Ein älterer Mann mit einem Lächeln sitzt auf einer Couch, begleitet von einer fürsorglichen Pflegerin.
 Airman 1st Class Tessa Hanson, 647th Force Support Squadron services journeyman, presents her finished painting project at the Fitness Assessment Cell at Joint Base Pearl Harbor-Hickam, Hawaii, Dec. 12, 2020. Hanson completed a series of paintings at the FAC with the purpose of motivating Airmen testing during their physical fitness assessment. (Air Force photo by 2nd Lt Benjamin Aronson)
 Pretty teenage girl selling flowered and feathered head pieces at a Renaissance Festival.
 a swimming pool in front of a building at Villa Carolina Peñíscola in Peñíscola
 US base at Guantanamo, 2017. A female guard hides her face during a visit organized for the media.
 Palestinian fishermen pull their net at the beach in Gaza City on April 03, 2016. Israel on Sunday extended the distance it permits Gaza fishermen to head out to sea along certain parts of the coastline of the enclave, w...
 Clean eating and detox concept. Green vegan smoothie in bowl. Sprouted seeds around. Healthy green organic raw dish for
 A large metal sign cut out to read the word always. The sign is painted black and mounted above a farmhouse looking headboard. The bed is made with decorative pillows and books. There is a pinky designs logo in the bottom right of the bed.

= = =

_WHAT TO DO_:
Pull out the lines above in which the word "during" appears.

_YOUR RESPONSE_:
 Airman 1st Class Tessa Hanson, 647th Force Support Squadron services journeyman, presents her finished painting project at the Fitness Assessment Cell at Joint Base Pearl Harbor-Hickam, Hawaii, Dec. 12, 2020. Hanson completed a series of paintings at the FAC with the purpose of motivating Airmen testing during their physical fitness assessment. (Air Force photo by 2nd Lt Benjamin Aronson)
 US base at Guantanamo, 2017. A female guard hides her face during a visit organized for the media.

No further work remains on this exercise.